Image-text web data:

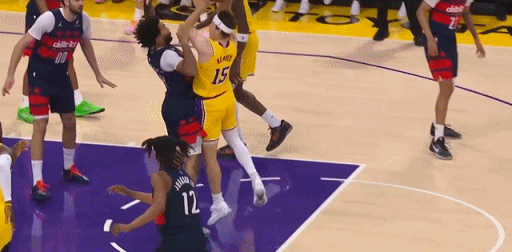 高度不够！这球看得出来詹姆斯是老了！
在今天NBA常规赛湖人对阵奇才的第一节比赛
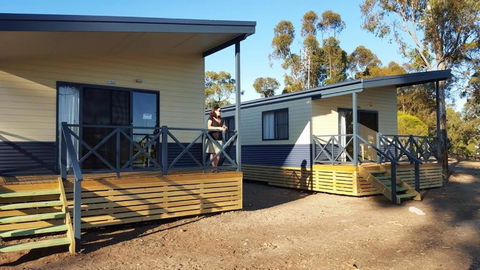 Horsham Riverside Caravan Park - QLD Tourism 1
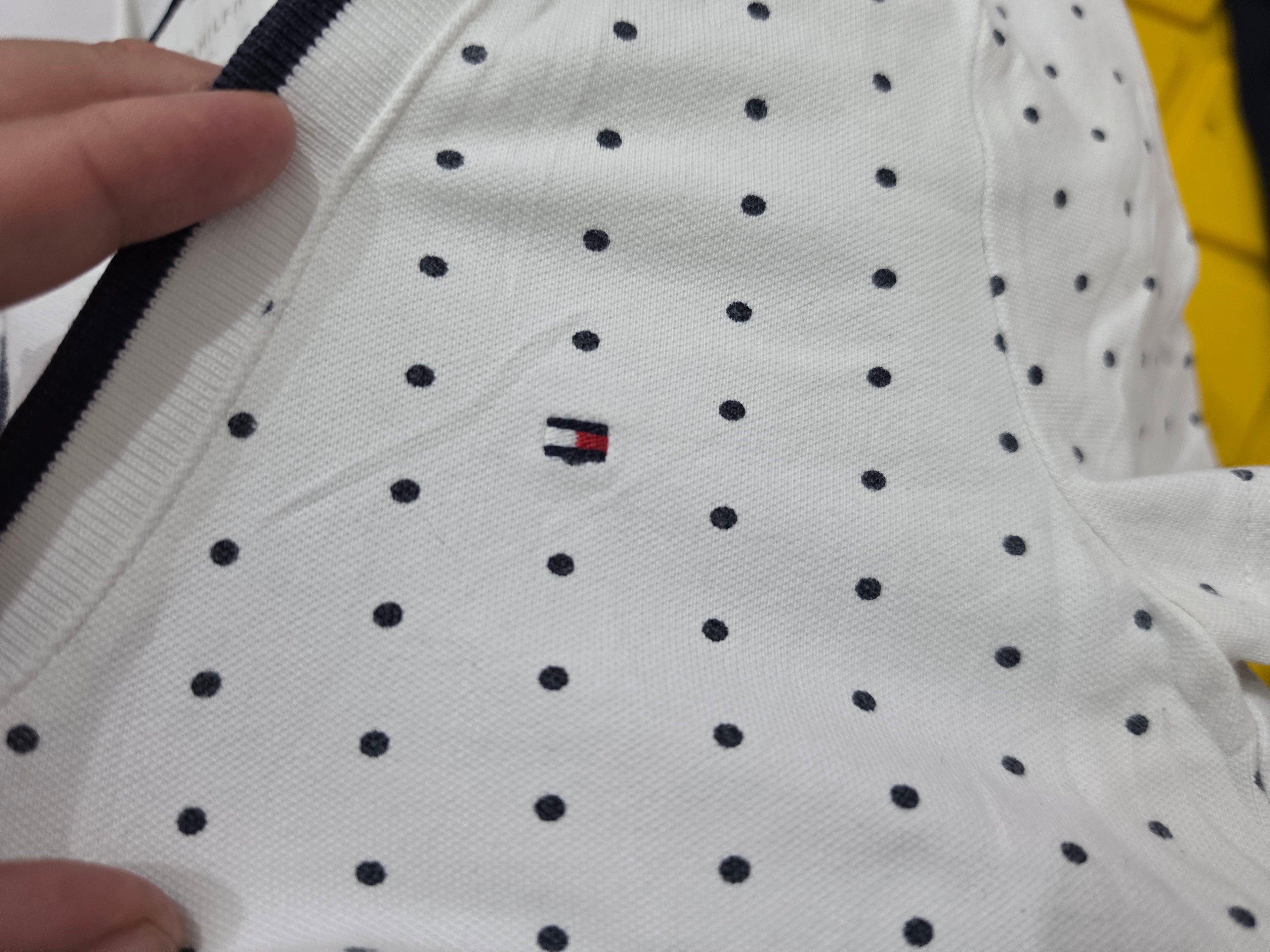 Playera Tommy Hilfiger Talla Xxs De Mujer Blanca Con Lunares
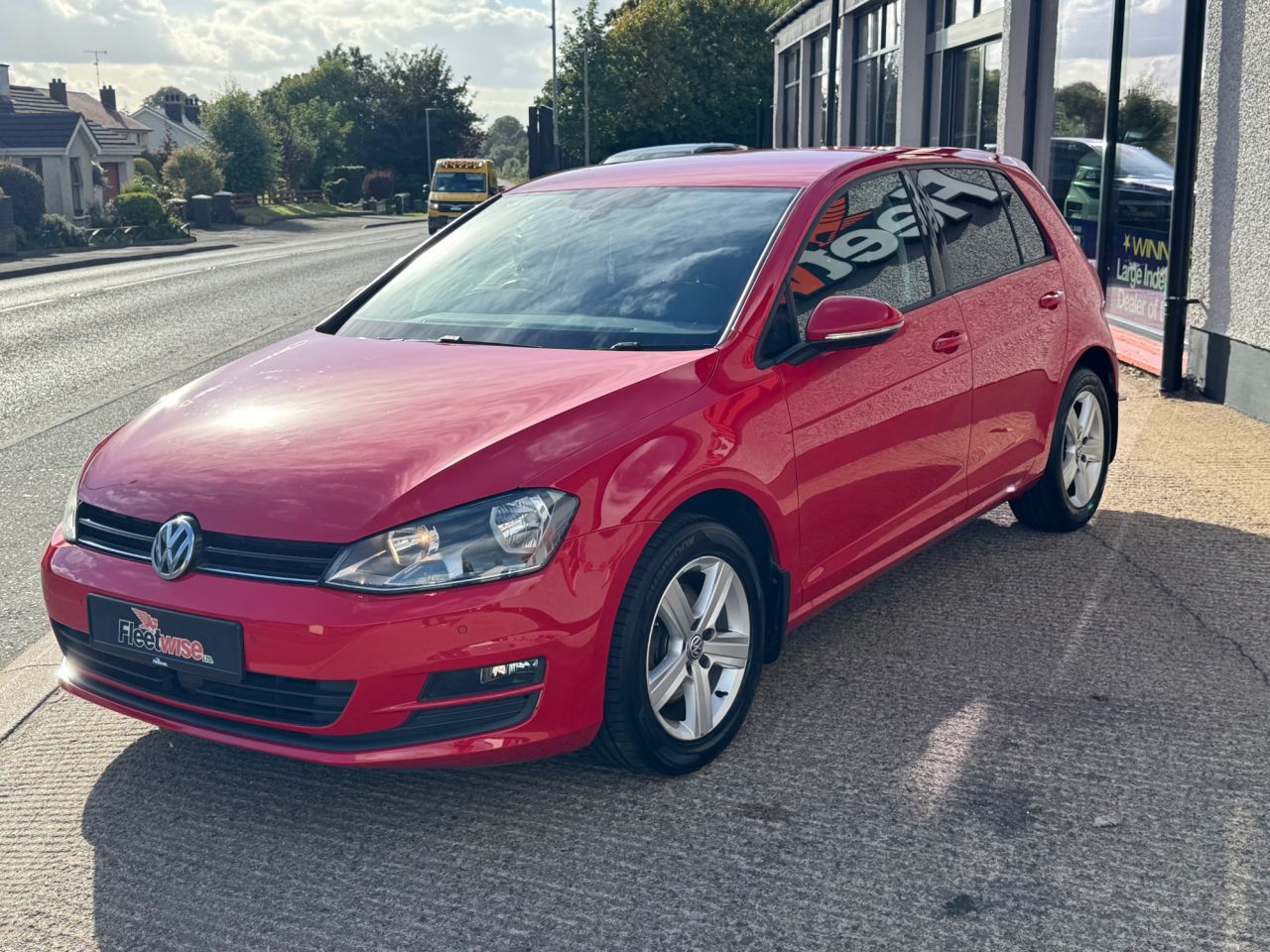 2016 VOLKSWAGEN GOLF 1.6 TDI BlueMotion Tech Match Hatchback 5dr Diesel Manual Euro 6 (s/s) (110 - vehicle photo 3 for sale on PureCar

- _What the task asks_:
A word-for-word copy of the data above is needed, one that omits the pictures.

- _Written response_:
 高度不够！这球看得出来詹姆斯是老了！
在今天NBA常规赛湖人对阵奇才的第一节比赛
 Horsham Riverside Caravan Park - QLD Tourism 1
 Playera Tommy Hilfiger Talla Xxs De Mujer Blanca Con Lunares
 2016 VOLKSWAGEN GOLF 1.6 TDI BlueMotion Tech Match Hatchback 5dr Diesel Manual Euro 6 (s/s) (110 - vehicle photo 3 for sale on PureCar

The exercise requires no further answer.